1 I, I call BS on some of your post. I know that there are ranchers that have "entitled" mentalities, but as sportsman, let's be realistic towards the challenges they face as well. While beef prices have been high for the last 5-6 years, other costs have been very high as well. There is a reason most beef producers who run any less than 100 to 200 cows have to have a second job. Beef ranching is a numbers game, and that means land. Lots of it in Utah. I am not a rancher, have no cows now, but grew up on a dairy farm. And anyone who thinks farmers and ranchers are "getting rich" on cattle are kidding themselves. If you want to run through the numbers, we can do that, but don't spout off and claim that they are all welfare cases "sucking off the government ****". I take exception to that, as many of the hardest working, most self-reliant, generous individuals that I know are ranchers.


----------



## Idratherbehunting (Jul 17, 2013)

Hmm.
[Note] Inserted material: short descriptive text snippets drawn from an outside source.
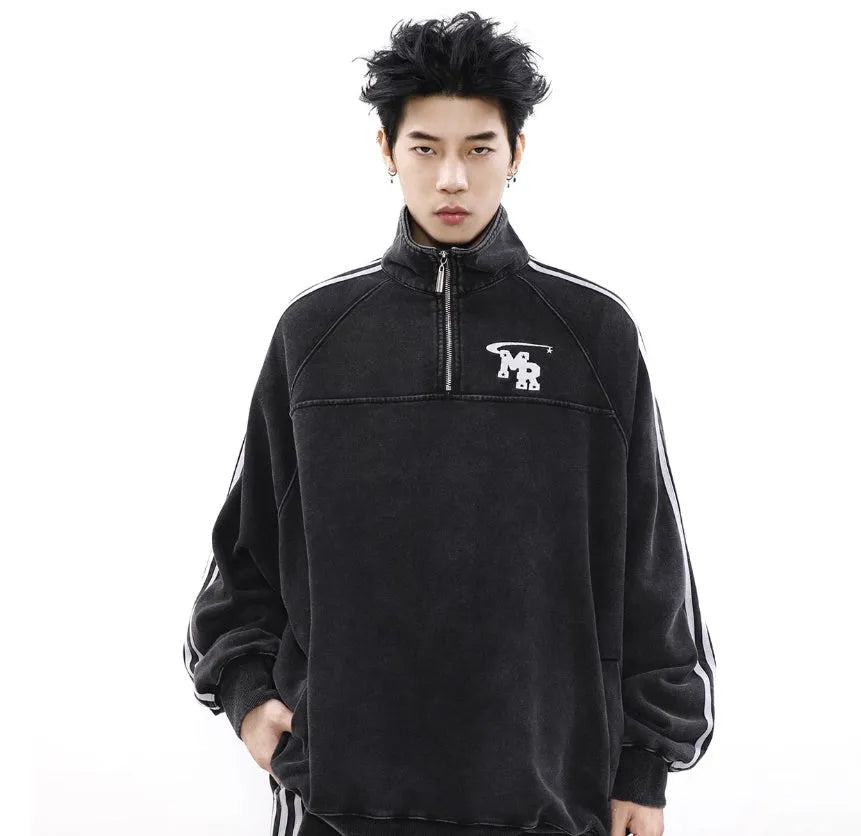 Black Hong Kong style stand collar couple sweater with long sleeves and a coat-style design.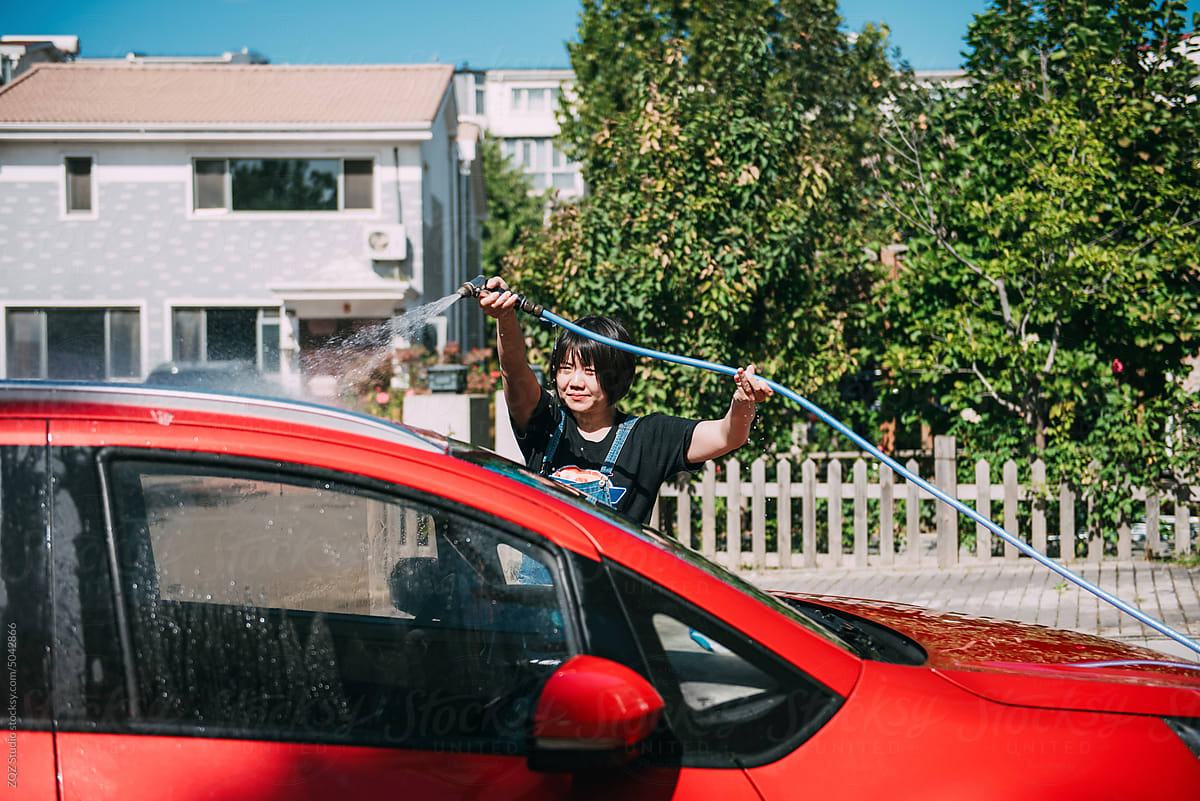 Young woman washing a red car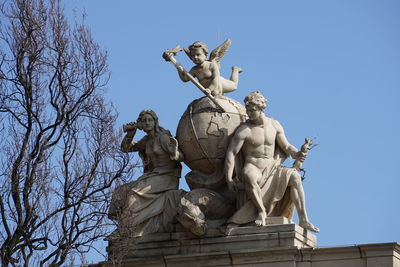 Low angle view of statue against clear blue sky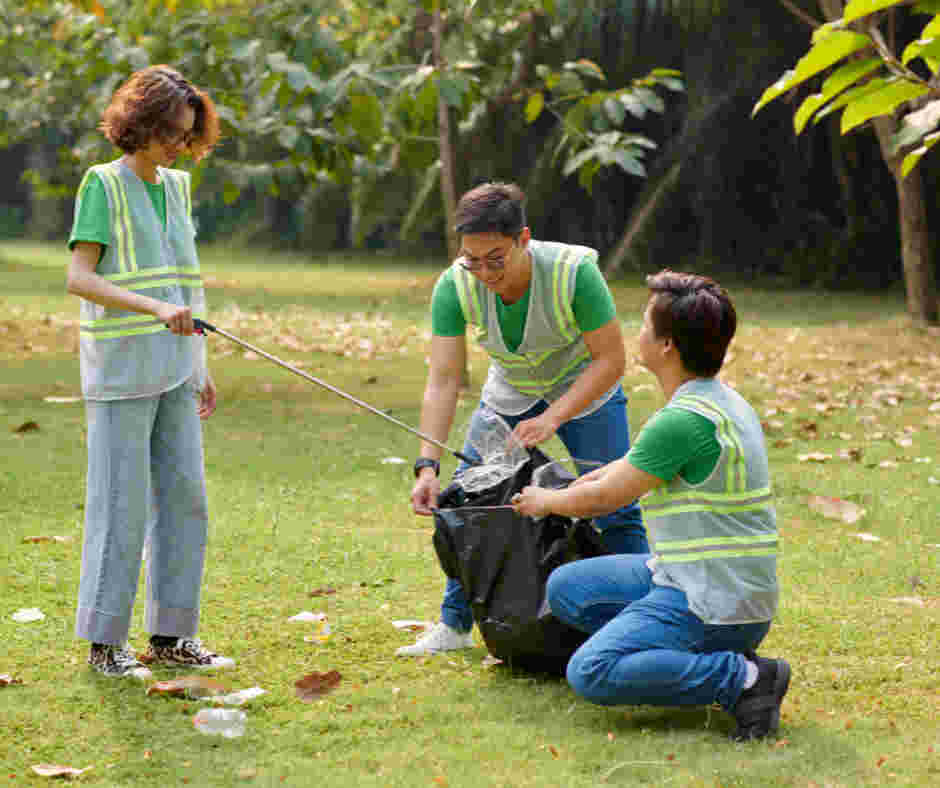 three people in high vis jackets picking up litter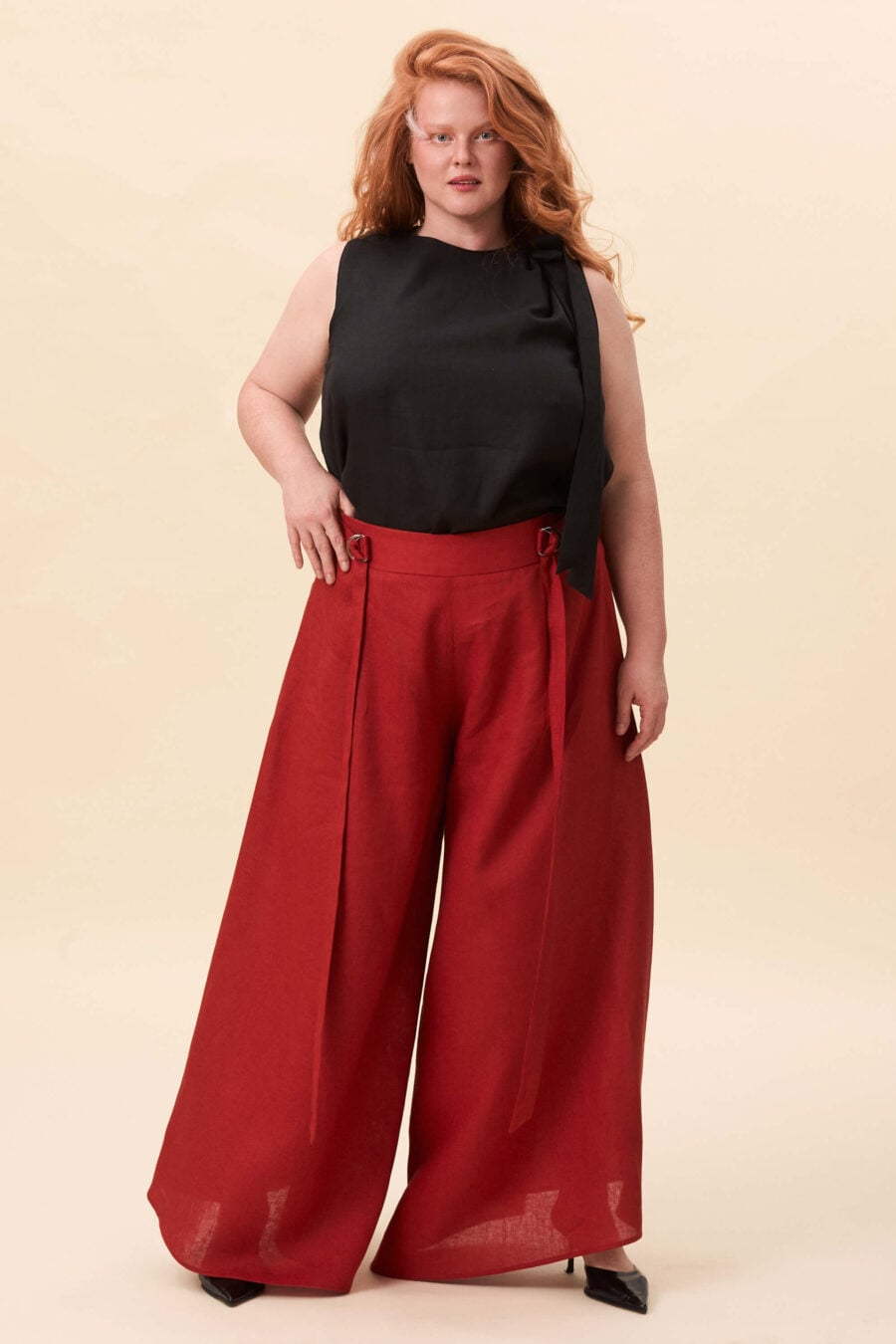 Amelia Peabody palazzo pants in tomato red  A full, elongated line shaped by a high, structured waist. The fit is adjusted through a double Dring belt, introducing function without excess detail. From there, the trousers fall wide and uninterrupted.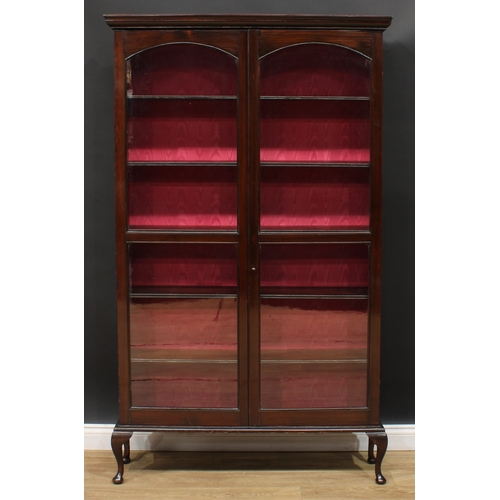 469 - An early 20th century display cabinet or bookcase, moulded cornice above a pair of glazed doors encl...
Tit is ok, but tit s is filtered. Interesting.


----------



## #1DEER 1-I (Sep 10, 2007)

Idratherbehunting said:


> 1 I, I call BS on some of your post. I know that there are ranchers that have "entitled" mentalities, but as sportsman, let's be realistic towards the challenges they face as well. While beef prices have been high for the last 5-6 years, other costs have been very high as well. There is a reason most beef producers who run any less than 100 to 200 cows have to have a second job. Beef ranching is a numbers game, and that means land. Lots of it in Utah. I am not a rancher, have no cows now, but grew up on a dairy farm. And anyone who thinks farmers and ranchers are "getting rich" on cattle are kidding themselves. If you want to run through the numbers, we can do that, but don't spout off and claim that they are all welfare cases "sucking off the government ****". I take exception to that, as many of the hardest working, most self-reliant, generous individuals that I know are ranchers.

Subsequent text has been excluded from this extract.